Nog altijd komt zeventig procent van de studenten aan de Radboud Universiteit uit een gezin waarin geen van de ouders naar de universiteit is geweest. Dat brengt de gevoelens met zich mee waar Hans over schrijft; zoals het gevoel dat je niet op de universiteit hoort, of dat je de mores hier niet kent.
Als eerstegeneratiestudent ken ik die gevoelens ook en doe ik mijn best studenten op hun gemak te laten voelen. Het recept daarvoor beschrijft Hans ook al: tutoyeren, koffie of thee en een oprecht gesprek. Niet alleen de eerstegeneratiestudenten hebben zo’n welkom nodig, ook de pensionado die zich afvraagt of ze niet uit de toon zal vallen tussen de jonge studenten, de internationale student wiens familie over de schouder meekijkt met iedere stap of de drop-out die nu echt eens wil studeren wat hij leuk vindt.
Hans, die verzwijgt dat hij met zijn studie ook de dienstplicht probeert te ontwijken, zou het tegenwoordig nog wat makkelijker hebben. Heel het toelatingsproces zou hij nu online kunnen doorlopen.
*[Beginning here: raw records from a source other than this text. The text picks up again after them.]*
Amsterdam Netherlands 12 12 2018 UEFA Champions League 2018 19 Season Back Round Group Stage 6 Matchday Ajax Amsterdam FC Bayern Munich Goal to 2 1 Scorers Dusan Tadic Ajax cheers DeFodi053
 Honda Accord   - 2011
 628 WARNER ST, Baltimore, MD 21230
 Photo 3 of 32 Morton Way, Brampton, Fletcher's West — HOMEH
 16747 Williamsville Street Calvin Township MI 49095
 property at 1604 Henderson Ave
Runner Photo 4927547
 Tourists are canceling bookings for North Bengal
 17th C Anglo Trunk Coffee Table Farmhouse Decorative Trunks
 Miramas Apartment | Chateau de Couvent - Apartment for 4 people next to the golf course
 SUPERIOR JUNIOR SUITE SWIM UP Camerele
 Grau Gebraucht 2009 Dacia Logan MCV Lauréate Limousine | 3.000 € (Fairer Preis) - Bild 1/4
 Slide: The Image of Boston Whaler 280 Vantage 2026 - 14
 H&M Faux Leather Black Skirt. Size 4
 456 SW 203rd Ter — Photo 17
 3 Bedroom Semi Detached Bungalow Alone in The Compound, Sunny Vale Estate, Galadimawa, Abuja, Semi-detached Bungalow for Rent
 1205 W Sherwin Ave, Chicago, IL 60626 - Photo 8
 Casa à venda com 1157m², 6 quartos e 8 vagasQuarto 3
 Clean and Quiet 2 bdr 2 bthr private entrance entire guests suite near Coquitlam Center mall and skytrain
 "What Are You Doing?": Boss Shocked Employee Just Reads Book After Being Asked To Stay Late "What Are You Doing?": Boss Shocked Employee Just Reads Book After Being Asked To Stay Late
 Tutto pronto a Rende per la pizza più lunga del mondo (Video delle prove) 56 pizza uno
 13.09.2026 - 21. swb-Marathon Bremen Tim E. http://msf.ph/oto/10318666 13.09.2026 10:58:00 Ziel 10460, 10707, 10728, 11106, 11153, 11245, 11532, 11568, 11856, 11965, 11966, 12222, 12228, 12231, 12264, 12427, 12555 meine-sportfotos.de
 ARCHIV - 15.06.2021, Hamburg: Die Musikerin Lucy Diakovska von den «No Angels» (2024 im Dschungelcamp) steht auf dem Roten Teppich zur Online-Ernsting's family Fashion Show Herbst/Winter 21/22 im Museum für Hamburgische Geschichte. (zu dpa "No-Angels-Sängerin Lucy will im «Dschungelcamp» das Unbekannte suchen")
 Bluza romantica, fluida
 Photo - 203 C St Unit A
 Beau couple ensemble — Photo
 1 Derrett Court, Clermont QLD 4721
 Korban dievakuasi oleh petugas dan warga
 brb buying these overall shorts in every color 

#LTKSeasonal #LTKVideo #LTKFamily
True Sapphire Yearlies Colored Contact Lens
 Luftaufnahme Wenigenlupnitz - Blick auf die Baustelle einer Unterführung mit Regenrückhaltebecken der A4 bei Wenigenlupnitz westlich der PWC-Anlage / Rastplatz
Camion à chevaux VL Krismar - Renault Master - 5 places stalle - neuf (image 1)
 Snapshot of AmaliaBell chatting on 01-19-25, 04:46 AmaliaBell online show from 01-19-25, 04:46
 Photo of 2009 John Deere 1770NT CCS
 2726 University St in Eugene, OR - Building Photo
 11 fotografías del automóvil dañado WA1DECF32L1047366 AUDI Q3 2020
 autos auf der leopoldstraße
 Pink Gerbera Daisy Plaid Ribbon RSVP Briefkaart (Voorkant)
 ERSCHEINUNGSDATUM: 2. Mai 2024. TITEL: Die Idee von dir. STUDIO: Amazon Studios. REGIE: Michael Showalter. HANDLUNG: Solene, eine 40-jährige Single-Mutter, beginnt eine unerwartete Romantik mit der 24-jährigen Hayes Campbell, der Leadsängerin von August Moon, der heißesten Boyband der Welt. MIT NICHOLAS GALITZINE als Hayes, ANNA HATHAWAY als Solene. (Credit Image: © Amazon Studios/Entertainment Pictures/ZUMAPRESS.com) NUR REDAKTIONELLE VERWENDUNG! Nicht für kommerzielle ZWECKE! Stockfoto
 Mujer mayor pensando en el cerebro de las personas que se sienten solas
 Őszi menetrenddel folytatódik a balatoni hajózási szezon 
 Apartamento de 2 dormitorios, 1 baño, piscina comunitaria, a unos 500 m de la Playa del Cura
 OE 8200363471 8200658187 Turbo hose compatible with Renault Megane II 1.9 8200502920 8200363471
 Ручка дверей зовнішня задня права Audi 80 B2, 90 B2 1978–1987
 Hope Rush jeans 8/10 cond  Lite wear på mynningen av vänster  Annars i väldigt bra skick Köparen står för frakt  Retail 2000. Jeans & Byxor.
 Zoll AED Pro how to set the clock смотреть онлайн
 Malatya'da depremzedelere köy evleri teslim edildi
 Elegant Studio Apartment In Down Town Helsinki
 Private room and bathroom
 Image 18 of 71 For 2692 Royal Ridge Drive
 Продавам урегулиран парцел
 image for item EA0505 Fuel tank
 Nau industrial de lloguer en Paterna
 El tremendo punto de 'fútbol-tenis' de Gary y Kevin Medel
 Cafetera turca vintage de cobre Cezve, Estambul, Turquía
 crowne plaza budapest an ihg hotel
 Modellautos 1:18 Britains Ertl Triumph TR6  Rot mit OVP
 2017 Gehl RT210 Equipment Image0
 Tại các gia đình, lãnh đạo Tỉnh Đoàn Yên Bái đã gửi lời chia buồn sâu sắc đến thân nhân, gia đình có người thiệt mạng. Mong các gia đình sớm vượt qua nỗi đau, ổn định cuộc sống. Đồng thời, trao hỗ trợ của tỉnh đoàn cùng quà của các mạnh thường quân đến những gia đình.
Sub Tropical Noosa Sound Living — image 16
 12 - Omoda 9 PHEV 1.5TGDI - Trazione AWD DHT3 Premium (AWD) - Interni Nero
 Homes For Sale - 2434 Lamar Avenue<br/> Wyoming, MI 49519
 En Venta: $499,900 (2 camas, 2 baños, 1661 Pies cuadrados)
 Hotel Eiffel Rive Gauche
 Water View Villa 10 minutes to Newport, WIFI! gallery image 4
Dat is ergens spijtig want je ziet dat het gesprek zelf voor Hans een emanciperende werking heeft: als hij wegloopt heeft hij voor zichzelf een plek op de universiteit bedacht.
Marie-José van den Berg.
Studievoorlichter Religiewetenschappen en Theologie
De onderliggende vragen die ik stel zijn altijd de volgende: '' Wat past bij mij? Waar word ik gelukkig van? Wat wil ik ermee?'
De invloed van buitenaf speelt meestal een belangrijke rol bij het beantwoorden van deze vragen, denk aan ouders die willen weten wat je met de opleiding kunt gaan doen en of er wel beroepsperspectieven zijn; of vrienden die niet snappen waarom je juist voor deze studie kiest. Daarnaast zijn er anno 2023 veel meer opleidingen om uit te kiezen dan vijftig jaar geleden. En je kunt van een bachelor eventueel door aanvulling van een premaster naar een andere master (in een andere stad) overstappen.
Vanuit de Radboud Universiteit wordt centraal een groot aantal on- en offline activiteiten georganiseerd om iemand te helpen bij deze keuze, van kennismakingsactiviteiten als middelbare schoolbezoeken, online voorlichtingsvideo’s en open dagen naar verdiepende activiteiten als proefstudeerdagen en vervolgens beslissingsactiviteiten als meeloopdagen en persoonlijke gesprekken.
Als studievoorlichters organiseren wij deze en andere activiteiten voor onze faculteit voor al onze opleidingen: bachelors, pre-masters en masterspecialisaties en spreken we persoonlijk met de studiekiezer. Zo proberen we de studiekiezers zo goed mogelijk voor te lichten om ze zo goed mogelijk te helpen bij de studiekeuze.
Mijn advies: kies vooral een opleiding waar jij NU gelukkig van wordt. Als je iets kiest waar je blij van wordt dan komt het andere vanzelf wel. En als je over 5, 10, 20 of 30 jaar iets anders leuk vindt, dan ga je dan toch iets anders doen? Het is al lastig genoeg om iets voor de komende jaren te kiezen, laat staan voor de rest van je (werkende) leven.